┌─ Supplied information

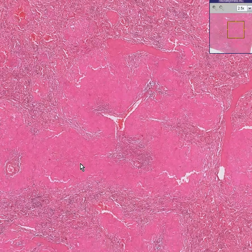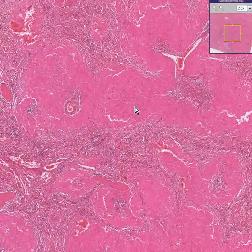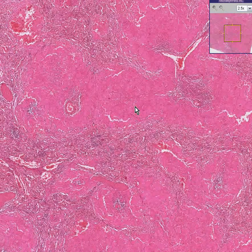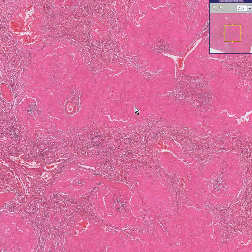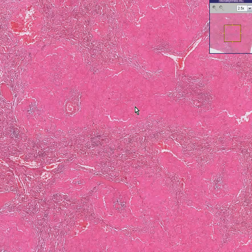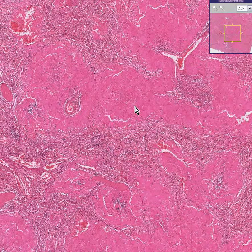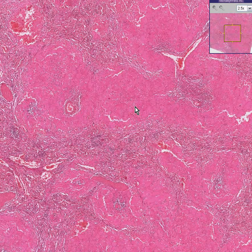This is amyloidosis of the spleen. Some people call this a sago spleen because there is a palm tree in the tropical parts of the world with a fruit called the sago palm. They actually eat the roots of the tree, and if you cut the root, it looks a lot like this spleen would look like.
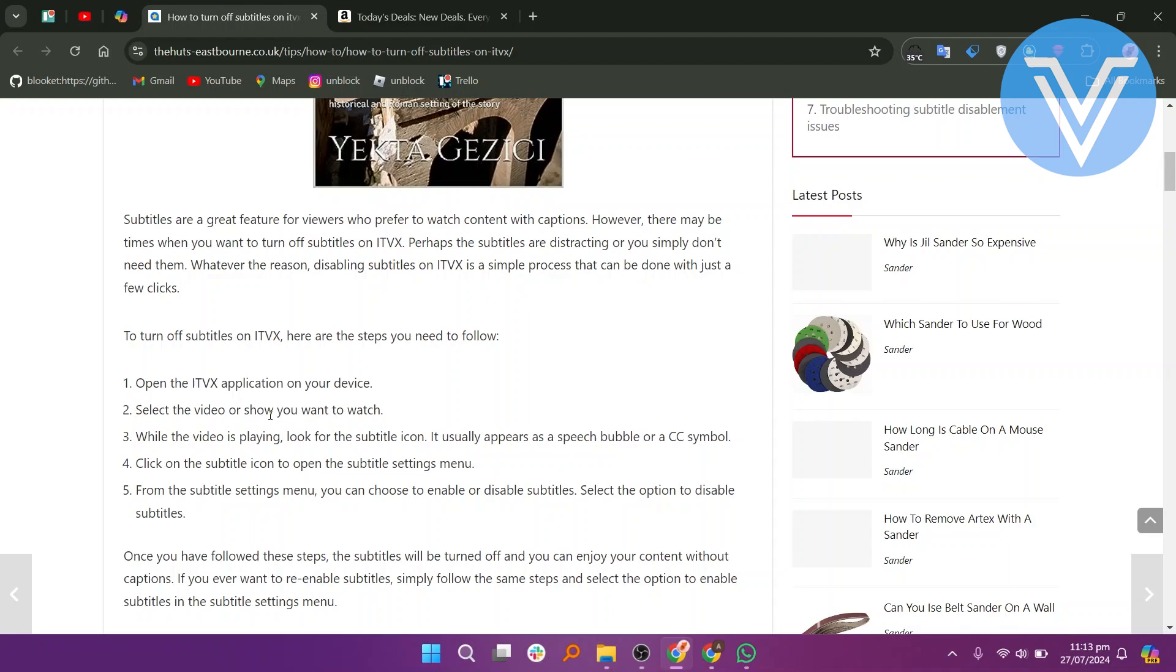To turn off subtitles on ITVX, here are the steps you need to follow. Open the ITVX application on your device. Select the video or show you want to watch.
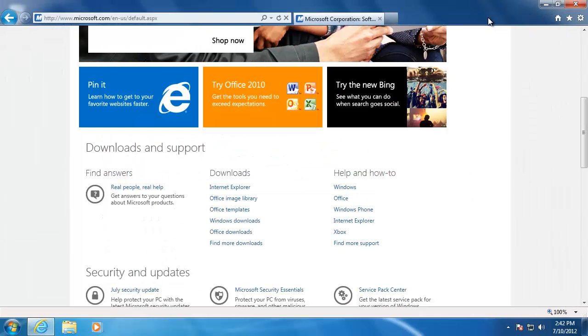In our next video, we will take a look at how to manage our favorites and to view the search history on the browser.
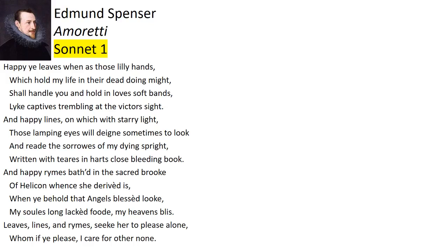Edmund Spenser, one of the best Elizabethan poets, published his sonnet cycle, Amoretti, in 1595. Many of the 89 sonnets detail his successful courtship of Elizabeth Boyle. They married in 1594.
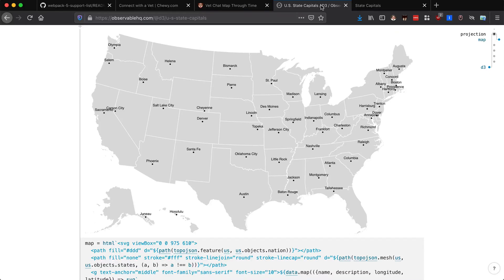Comparing it back to the Observable reference, it's exactly what we were looking for. We've taken this Observable that builds a map of state capital points and recreated it using D3 — programmatically creating the SVG, creating path elements with fill and D attributes, adding a G element, and under that G element adding 50 different G elements mapped to each data point with a circle and text label. That is how you plot points on a map with D3.js.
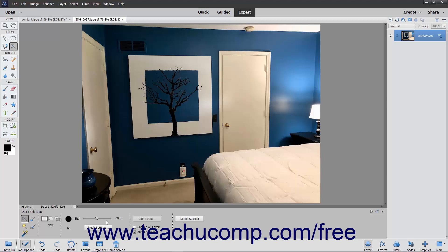After applying the desired tool settings, simply click or click and drag in the image to create, add to, or subtract from a selection.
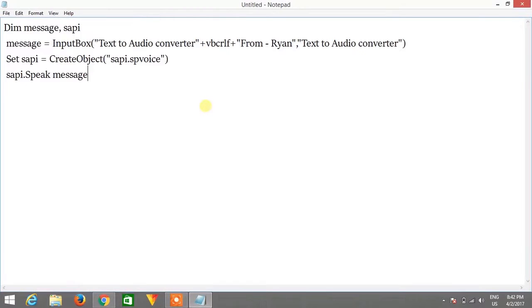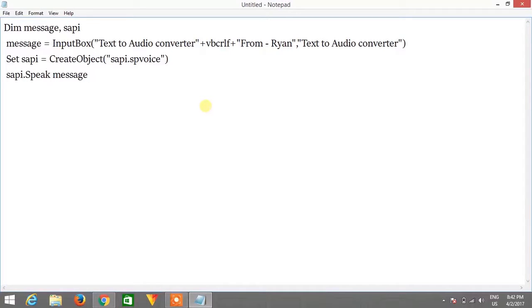Open notepad file and copy and paste this code. I will leave this code in the description box, so you can copy from there and paste in the notepad or any other editor you can use.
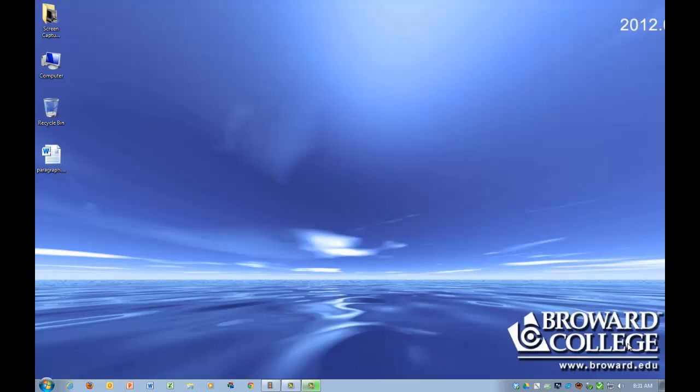Now in this tutorial, I'm going to show you how to open the program, how to add a new slide, how to add a design, and how to add a picture and animation.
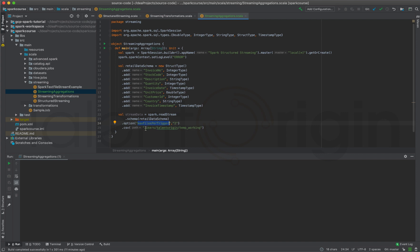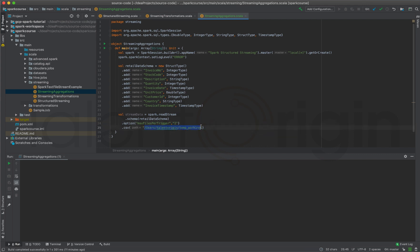Whenever Spark reads this particular directory, it reads a maximum of two files per batch. I'll explain what this means in a while. Now I have my stream ready.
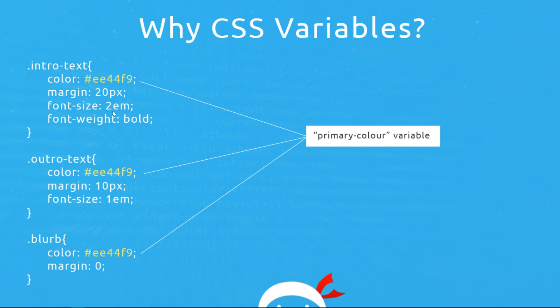In one of these different selectors we just change it once where we declared the variable and then that updates each one of these because they're all saying we want to use that variable for this value. So that makes much more sense.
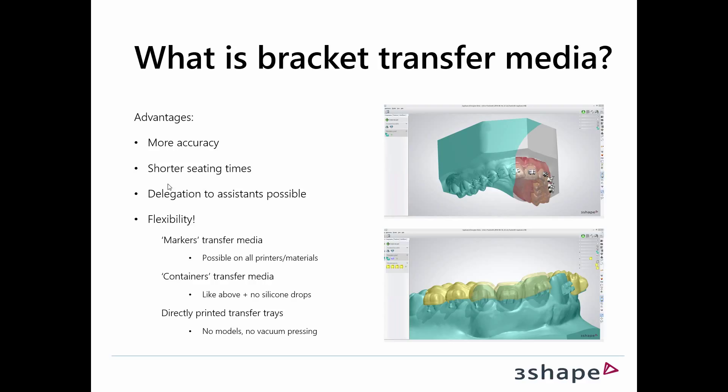We have another method where you can disable the need for silicon drops, and we have a way where you can circumvent the entire printing of models and vacuum pressing of these models.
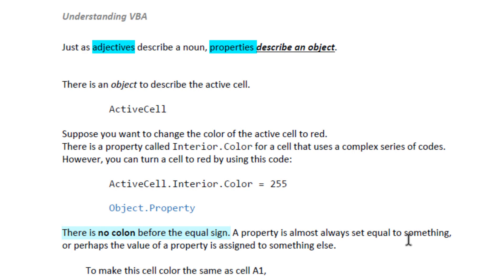This is the object. This is the active cell. Then, in Excel, select the cell. This is the type of cell. This cell is the active cell — this cell is the name of the cell. Then the active cell is the color red.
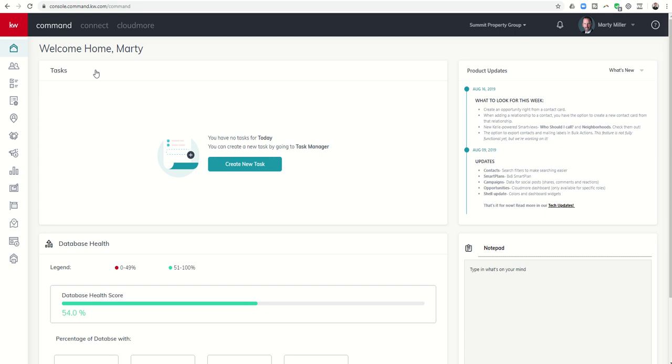Here to do a second step in the DocuSign training within Command. Hopefully all of you have previously watched how to connect your DocuSign account within the settings. I know some of you are still struggling to get through that, and hopefully we'll get that taken care of here for everybody pretty soon. I wanted to talk about the next step. So we're going to go into opportunities.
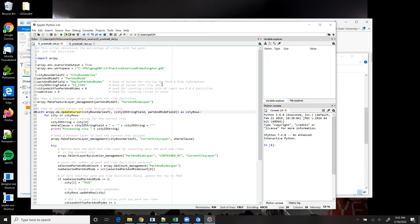In this solution though, note that line 28 creates a feature layer, current city layer, by passing where clause as an argument to the Make Feature Layer tool. This means the feature layer will refer to a different city on each pass through the loop.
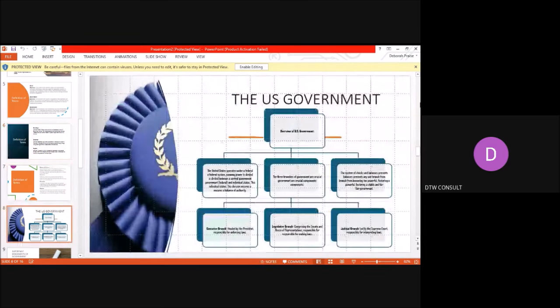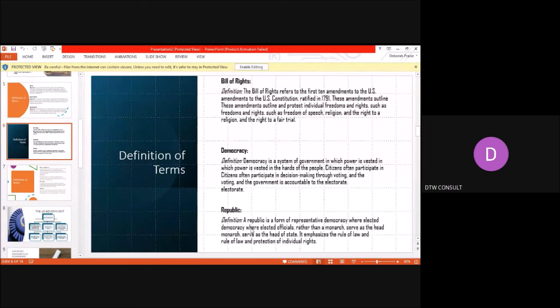America is also a republic. When you hear the word 'republic,' it means there is someone ruling, but that person is a representation of the people. A republic emphasizes the rule of law and the protection of rights. The nation recognizes that whoever is in office is a representation of the citizens and must rule based on the rule of law. In a republic, the law is supreme.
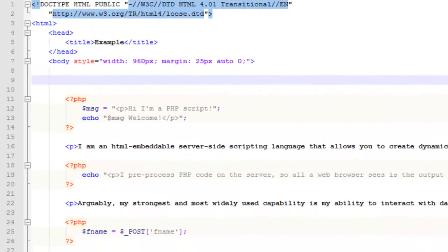Hey there, John Morris here. In this video we're going to talk about arrays. We mentioned a little bit earlier what arrays are and what you can do with them. Now we're going to talk about actually using data in an array. A little bit later on in the advanced module we're going to talk about multi-dimensional arrays, but this will give you a good primer and understanding of how arrays work.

└─

• Assignment:
Reproduce exactly the lines of the data above that run from the line with "To turn off" down to the line with "Edmund Spenser, one", both ends included. Pictures do not belong in the copy.

• Answer for this exercise:
To turn off subtitles on ITVX, here are the steps you need to follow. Open the ITVX application on your device. Select the video or show you want to watch.
In our next video, we will take a look at how to manage our favorites and to view the search history on the browser.
Edmund Spenser, one of the best Elizabethan poets, published his sonnet cycle, Amoretti, in 1595. Many of the 89 sonnets detail his successful courtship of Elizabeth Boyle. They married in 1594.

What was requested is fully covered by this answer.